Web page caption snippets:
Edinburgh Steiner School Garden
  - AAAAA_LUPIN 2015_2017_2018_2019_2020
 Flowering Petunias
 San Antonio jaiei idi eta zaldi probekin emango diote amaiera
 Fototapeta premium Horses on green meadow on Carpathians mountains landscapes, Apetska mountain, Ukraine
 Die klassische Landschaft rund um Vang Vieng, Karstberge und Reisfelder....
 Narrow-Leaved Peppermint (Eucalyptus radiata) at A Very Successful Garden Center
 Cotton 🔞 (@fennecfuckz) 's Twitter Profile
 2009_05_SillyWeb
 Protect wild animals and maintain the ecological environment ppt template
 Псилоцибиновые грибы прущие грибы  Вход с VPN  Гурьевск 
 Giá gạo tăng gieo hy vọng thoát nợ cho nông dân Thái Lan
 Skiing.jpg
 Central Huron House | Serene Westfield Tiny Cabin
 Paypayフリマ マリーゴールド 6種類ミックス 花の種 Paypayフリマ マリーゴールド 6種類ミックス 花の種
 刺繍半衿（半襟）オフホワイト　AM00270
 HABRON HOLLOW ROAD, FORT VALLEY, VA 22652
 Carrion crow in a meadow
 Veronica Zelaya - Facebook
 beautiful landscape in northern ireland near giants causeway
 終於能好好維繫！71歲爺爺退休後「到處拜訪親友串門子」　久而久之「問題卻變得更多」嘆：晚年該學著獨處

### ASSIGNMENT
Starting from the first line of the records above, retype each line exactly up to and including the one that contains "2009_05_SillyWeb", and nothing more.

### WRITTEN SOLUTION
Edinburgh Steiner School Garden
  - AAAAA_LUPIN 2015_2017_2018_2019_2020
 Flowering Petunias
 San Antonio jaiei idi eta zaldi probekin emango diote amaiera
 Fototapeta premium Horses on green meadow on Carpathians mountains landscapes, Apetska mountain, Ukraine
 Die klassische Landschaft rund um Vang Vieng, Karstberge und Reisfelder....
 Narrow-Leaved Peppermint (Eucalyptus radiata) at A Very Successful Garden Center
 Cotton 🔞 (@fennecfuckz) 's Twitter Profile
 2009_05_SillyWeb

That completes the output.